ASSIGNMENT
Would you transcribe only the lines below, from the one containing "[남양주 농장체험, 아이와" through the end of the material, exactly and with no pictures?

─── DATA ───

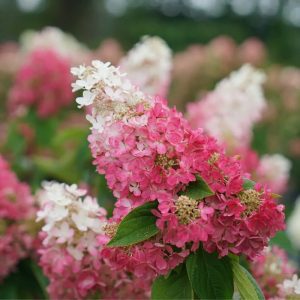 Hydrangea paniculata PINKY WINKY (p19) - Bugás hortenzia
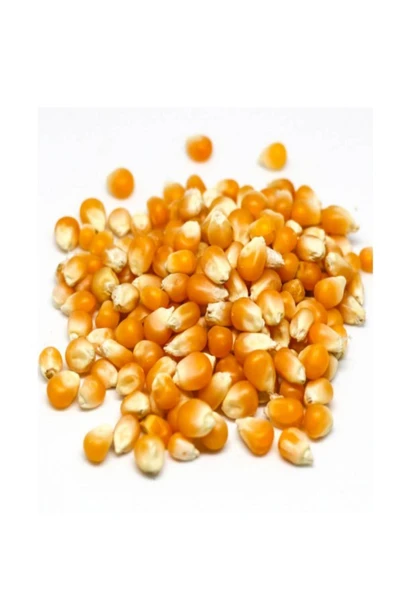 SELKUR  Cin Mısır 1KG - Resim 5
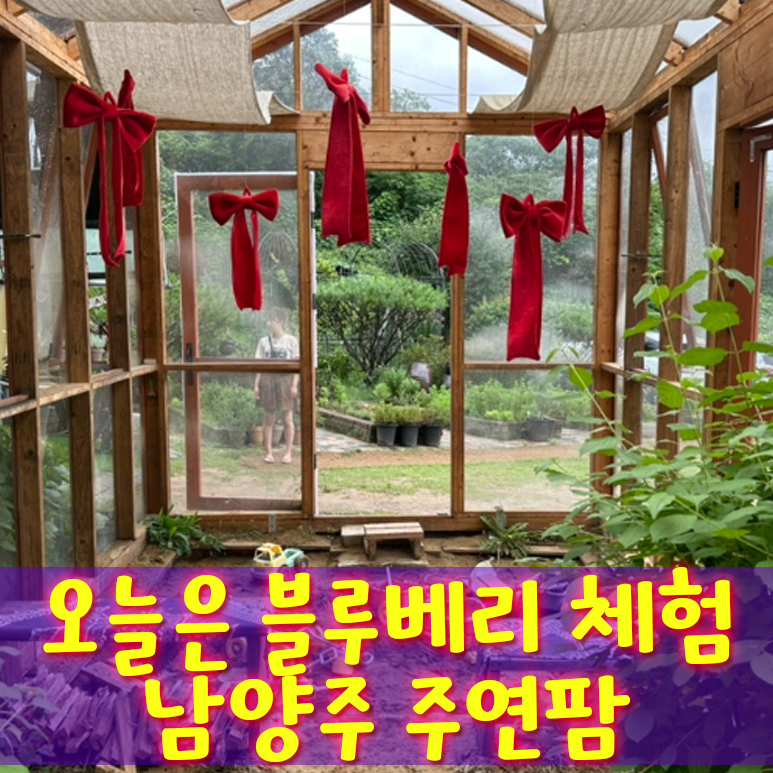[남양주 농장체험, 아이와 가볼만한 곳] 블루베리 수확 체험과 물놀이, 모래놀이가 가능한 체....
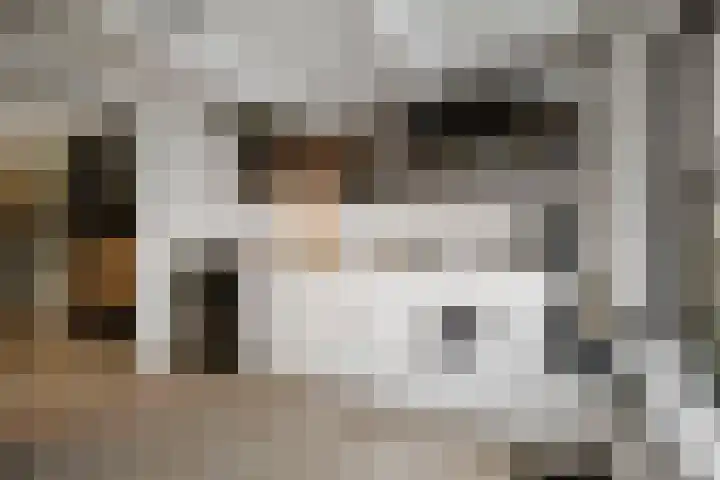 Smedenstraat 82 Deventer thumbnail 38
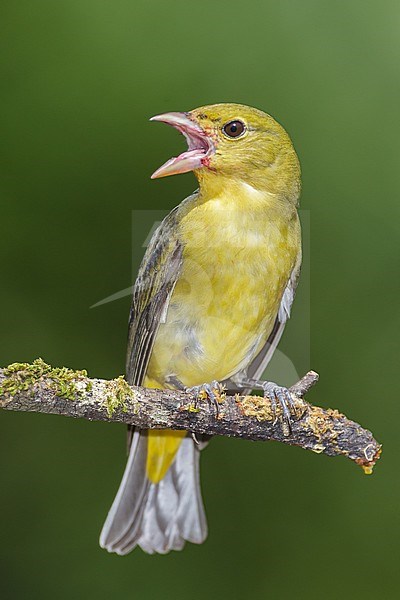 Vrouwtje Zwartvleugeltangare, Female Scarlet Tanager stock-image by Agami/Brian E Small,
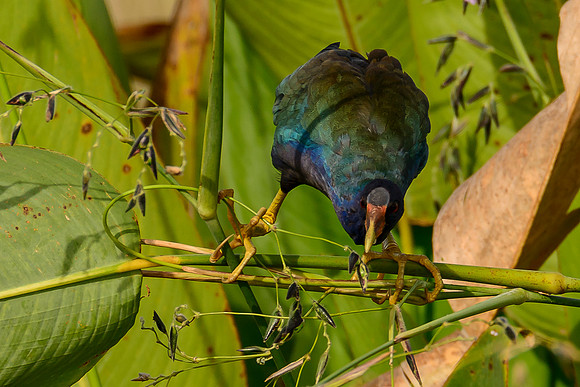 Purple Galanule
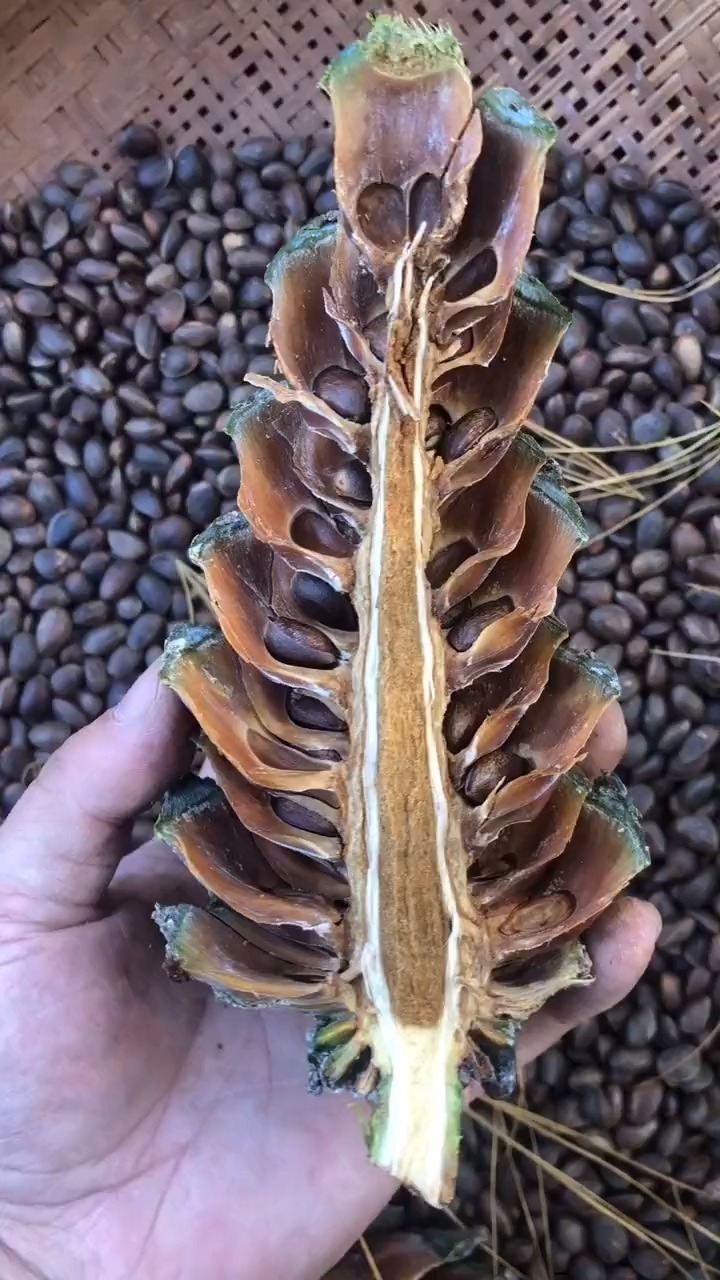 许多人都喜欢吃松子#手工剥松塔很累,却能收获果实,朋友们要体验一下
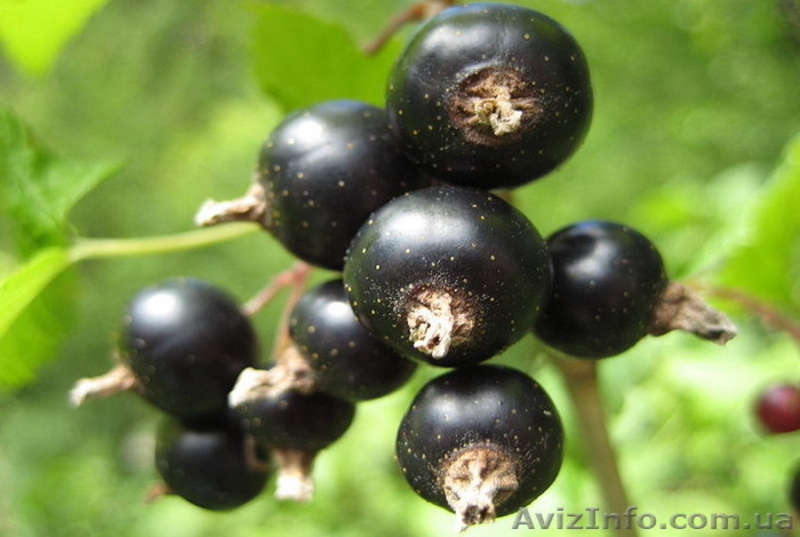 Саженцы малины, смородины, абрикосов оптом - <ro>Изображение</ro><ru>Изображение</ru> #4, <ru>Объявление</ru> #864242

───

SOLUTION FOR THIS EXERCISE
[남양주 농장체험, 아이와 가볼만한 곳] 블루베리 수확 체험과 물놀이, 모래놀이가 가능한 체....
 Smedenstraat 82 Deventer thumbnail 38
 Vrouwtje Zwartvleugeltangare, Female Scarlet Tanager stock-image by Agami/Brian E Small,
 Purple Galanule
 许多人都喜欢吃松子#手工剥松塔很累,却能收获果实,朋友们要体验一下
 Саженцы малины, смородины, абрикосов оптом - <ro>Изображение</ro><ru>Изображение</ru> #4, <ru>Объявление</ru> #864242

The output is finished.